The plaintiff was engaged in the work on August 1, 1896, when the councils of the city defendant passed an ordinance giving consent to the New Castle Electric Railway Company to lay tracks on Highland avenue.
The railway company thereupon began to lay the tracks and, as the plaintiff contends, thereby seriously obstructed, delayed, and rendered more expensive his work upon the' street. Eor this he claims that the city is liable as well as for certain extra work, required by reason of the laying of the said tracks, performed pursuant to a written notice from the city engineer.
Assuming the act of the city in giving consent to the construction of the railway to be a direct interference with the performance, by the plaintiff, of his contract, the latter might have set it up as a breach; retired from further attempt at performance ; recovered for the work done and perhaps damages for the breach. His other course was to proceed with luis contract under the new conditions created by the act of the city, and by thus accepting them put himself in position to demand the consideration to be paid for full performance.
He did not rescind the contract. He went forward, but, at the same time, gave notice that he proposed to hold the city liable for damages and for the extra work required to be done by the written order of the city engineer.
Liability on the part of the city for this claim was not in contemplation when the original contract was made. It was created, if at all, by the act of the city in passing an ordinance authorizing the railway company to enter upon the street, then in course of improvement. The change in the contractual obligation was, as the plaintiff shows, material. By the very form of the ordinance giving consent to the railway, it is evident that the interference was considered likely to cause an increased cost to the contractor for which the city stipulated the railway company should pay. The change in the work and in the liability to pay for it, is as fundamental, by the plaintiff’s own showing, as if *564the city had, subsequent to the execution of the contract, passed an ordinance, changing the grade. If this had been done and the plaintiff had then gone on with his contract at the new grade he could not have recovered the additional expense, even though the city engineer had given him assurance that he would be paid for it by the city. This was settled by Addis v. City of Pittsburg, 85 Pa. 879. Upon just such facts, Mr. Justice Sharswood says 5 “ The plaintiff would clearly have had the right to rescind the contract, recover for the wort he had done, and it may be damages for the breach. The proper course for the city undoubtedly was to advertise and relet the work. But the plaintiff preferred to go on with the work under his contract. He relied, it was offered to prove, on the assurance of the city engineer and the street committee that he should be compensated for the extra work. But the city itself, much less any of its subordinate officers or committee, had no power to make an agreement to pay for such work on the rule of a quantum meruit.”

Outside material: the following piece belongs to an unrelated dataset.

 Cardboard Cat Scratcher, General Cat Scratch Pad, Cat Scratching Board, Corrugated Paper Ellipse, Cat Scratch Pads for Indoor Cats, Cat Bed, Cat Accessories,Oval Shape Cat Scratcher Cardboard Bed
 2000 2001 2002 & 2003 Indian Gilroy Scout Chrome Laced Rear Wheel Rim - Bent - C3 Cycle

Thus the plaintiff, in this case, would be unentitled even had he the assurance of payment from the city officials. This results, as said by Mr. Justice Sharswood, from the necessity that requires “all municipal work of this character to be done by the lowest and best bidder.”

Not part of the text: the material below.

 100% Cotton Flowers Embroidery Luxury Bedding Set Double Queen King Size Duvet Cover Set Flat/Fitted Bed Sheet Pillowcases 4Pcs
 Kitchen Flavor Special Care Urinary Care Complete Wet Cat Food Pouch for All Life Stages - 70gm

It may, however, be said that in the contract before us there is provision made for notice to be given of claim for damages and for the doing of extra work by the contractor on notice from the city engineer. These clauses do not comprehend damages or extra work occasioned (as alleged here) by an intervention by the city’s own act. There is, in the municipal officer superintending a public work, done under a contract legally executed, a certain margin of discretion in directing the work. Conditions arise which were not in contemplation or in the knowledge of the contracting parties which require incidental changes and involve trifling items of increased cost which must be passed upon by the municipal officer promptly and with authority during the progress of the work. Such are the subjects covered by the clauses of this contract. They do not purport to extend to important changes or to the result of interference by municipal action and if so intended they are not sustainable under the law. Were it otherwise, a contract might *565be lawfully made by the city for one thing and, through the discretionary powers given an engineer, be held for a work wholly different in cost and construction and beyond the design submitted to bidders as required by law.

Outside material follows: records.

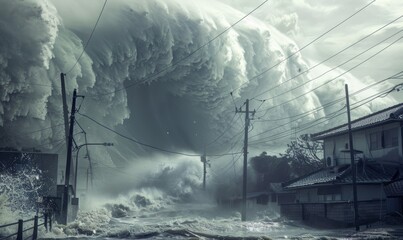 Fototapeta premium Devastating Tsunami Wave: Powerful Natural Disaster Visualization for Advertising and Marketing. Dramatic Depiction of Extreme Weather and Environmental Danger in Stunning 4K Resolution.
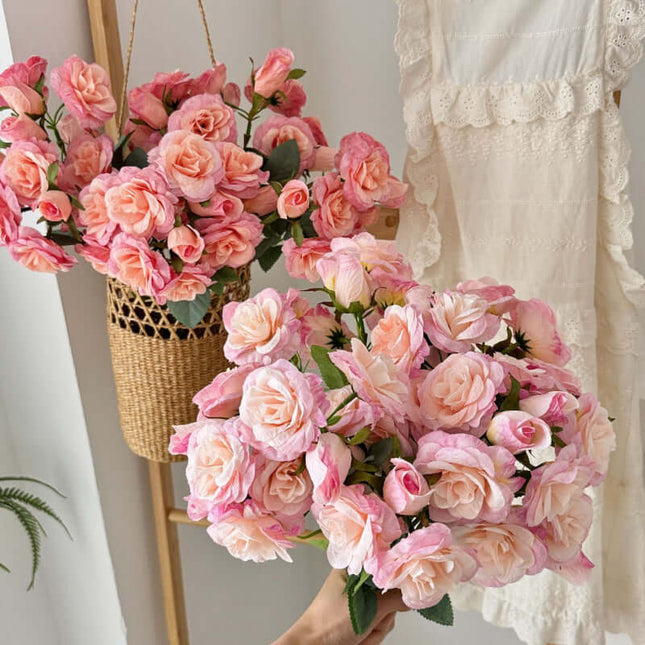 Silk Artificial Rose Flowers That Look Real, Korean-style 12 Heads, Home Decor, Living Room Dining Table Decoration, Photography Props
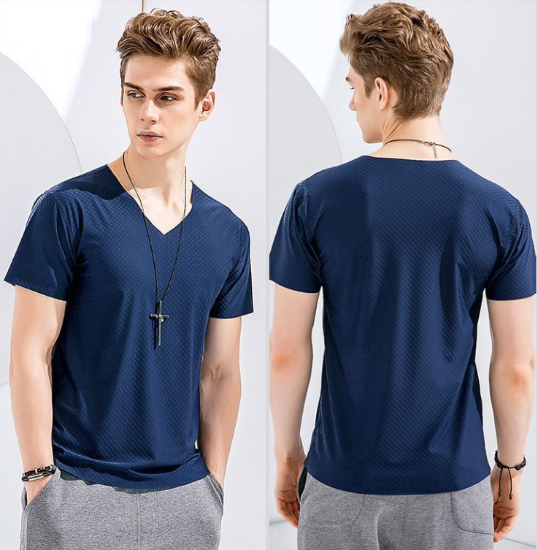 Picture of Ice Silk Traceless Plaid Short-sleeved T-shirt Men's V-neck Summer Thin Stretch Top Grid Sports Quick-drying T-shirt Half-sleeved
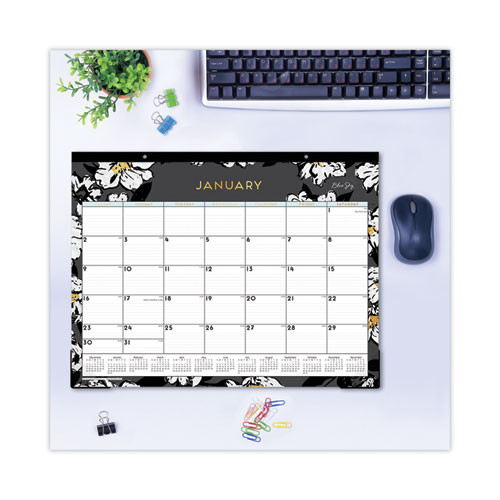 Baccara Dark Desk Pad, Floral Artwork, 22 X 17, White/black/gold Sheets, Black Binding, 12-month (jan To Dec): 2025 Baccara Dark Desk Pad, Floral Artwork, 22 X 17, White/black/gold Sheets, Black Binding, 12-month (jan To Dec): 2025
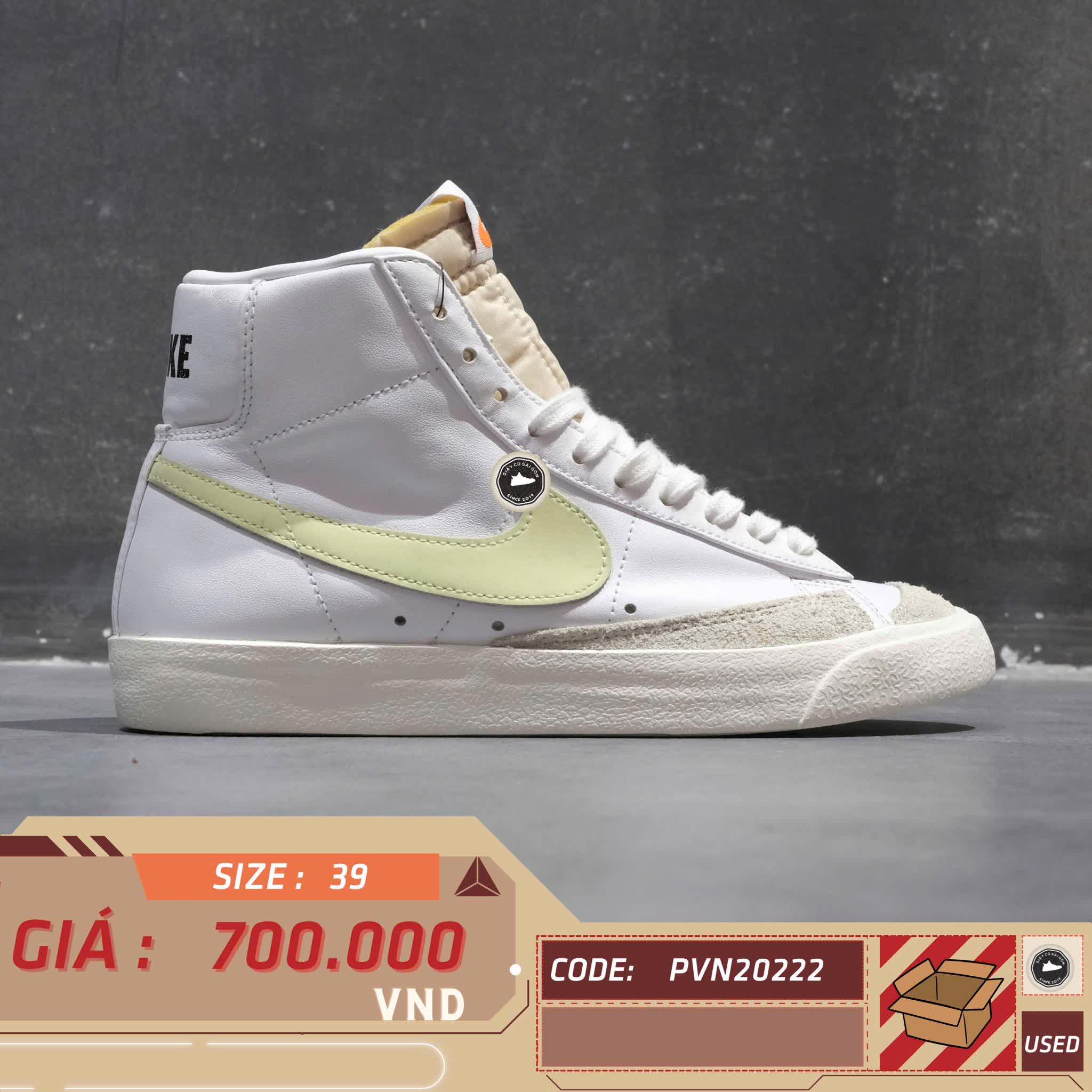 NIKE BLAZER MID ’77 “BARELY VOLT” CZ1055-108 SIZE 39 GIÀY 2HAND CHÍNH HÃNG PVN20222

In this view of the case, the fact that the city stipulated that the railway company should, as a condition to the laying of its tracks on Highland avenue, assume any increased cost to the contractor, cannot be construed to be an admission of liability to the contractor so as to aid him in his claim. The question of the liability of the railway company to the contractor, for interference with his contractual rights, in the exercise of its powers derived from the state, do not properly come before us in this inquiry, although adverted to in argument.
Our judgment in this case is based upon the authority of Addis v. City of Pittsburg, supra, which has not been overruled by the case of The City of Harrisburg v. Saylor, 87 Pa. 216. We believe the former to be a binding precedent directly in point but which, while sound in principle, is in the present case, seemingly, harsh in application.
The sixth assignment of error is sustained and the judgment is reversed.